El andalucismo no es lo mismo sin el Partido Andalucista. Cuando éste se disolvió por inanición electoral, surgieron algunas formaciones de esa misma orientación, voluntariosas pero minúsculas. Alguna de ellas ha recalado en Adelante Andalucía, que ahora pretende pujar en las urnas por un grupo propio en el Congreso, a la manera de aquel que conformara el PSA de Alejandro Rojas Marcos, en la tremebunda legislatura del 79. Aquella maniobra, a cambio de apoyar a la UCD en la investidura, le valió a los andalucistas que el PSOE de Rafael Escuredo se hiciera con el liderazgo del nacionalismo meridional. El PSOE de Felipe González y de Alfonso Guerra, siendo moderadamente jacobino, se echó a caminar por la senda autonómica y se llevó de calle al electorado. A lo largo de varias décadas, los andaluces votaron a los socialistas, pensando que era su PNV, su CiU, incluso su ERC. Desde las filas andalucistas, José Aumente ya reconocía en su momento que el partido del puño y de la rosa le había birlado lo que ahora se llamaría “el relato”.
Así las cosas, la lucha por la autonomía se convirtió en la lucha por la autovía, tiempo atrás. La Expo del 92 y el AVE fueron sustituyendo paulatinamente al pedid tierra y libertad: la Unión Europea fue quien terminó realizando la reforma agraria, parcelando los latifundios para que los señoritos cobraran más subvenciones comunitarias.

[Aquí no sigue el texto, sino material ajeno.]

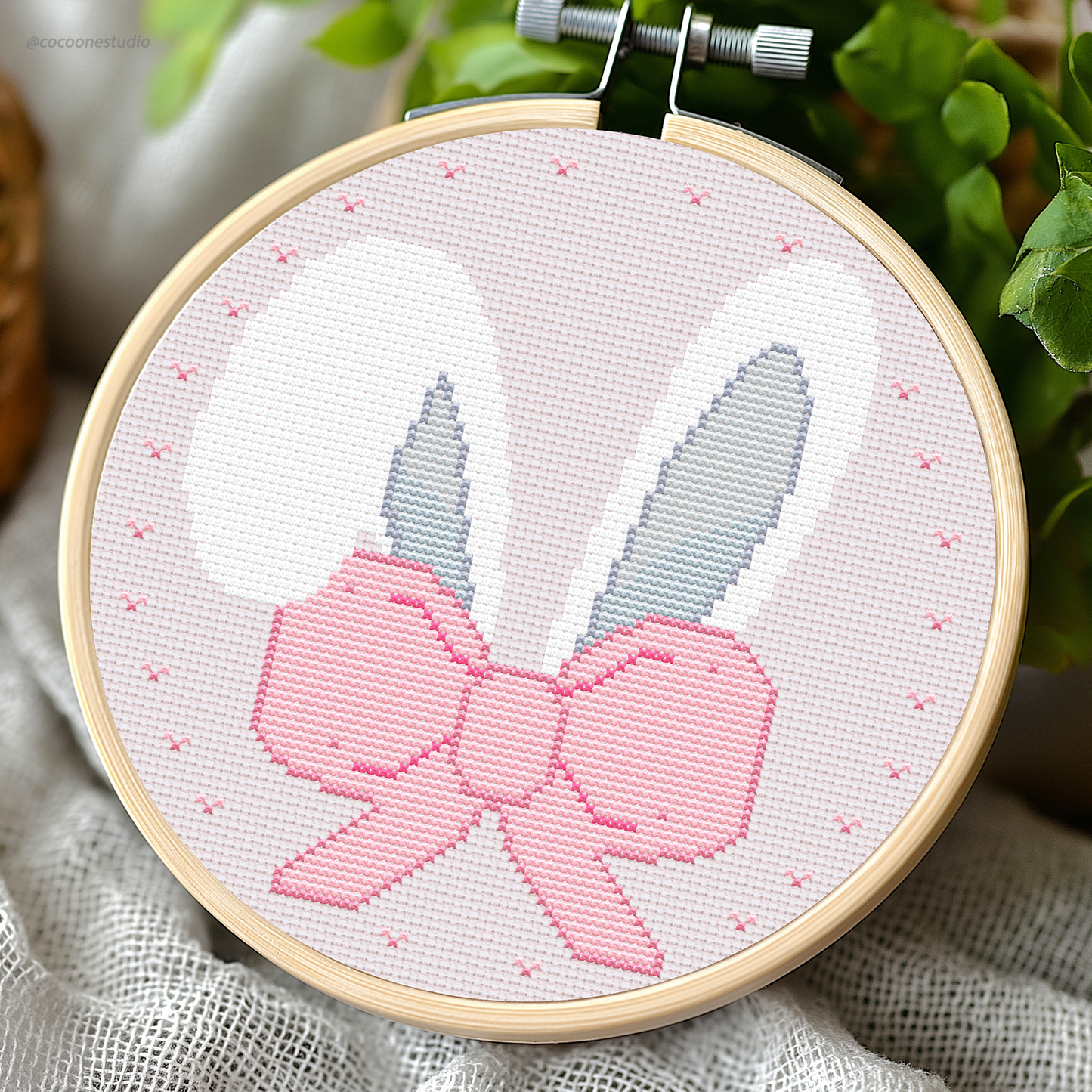 Kawaii Bunny Coquette Cross Stitch Pattern PDF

Ahora, Adelante Andalucía se postula para reconquistar un grupo verdiblanco en el Congreso. Aunque a uno le gustaría que todos los partidos, incluido éste, le echaran una capita de minio a la A de Andalucía que ondea de sus siglas. Pero, para ello, quizá sería conveniente recobrar la vieja y achacosa verdiblanca, sacarla del baúl de los recuerdos y lucirla por la calle, como antaño. Sin embargo, miro a los balcones y sólo veo banderas de España o del Niño Jesús, bombonas de Butano y un puñado de antiguas aspiraciones colgadas con pinzas del tendedero de la historia. No se en qué quedará todo esto pero ojalá ese antiguo y querido trapo no sirva tan sólo como sudario de aquella vieja aspiración andaluza de hablarle de tú a tú al resto del Estado, con nuestro RH de siglos, nuestro seny jondo y la morriña de un proyecto de país que nos ayudara a encontrar la voz del pueblo, que decía Carlos Cano, el alma de luz de Blas Infante, la fuerza hercúlea de la utopía a la que no debieran devorar los viejos leones.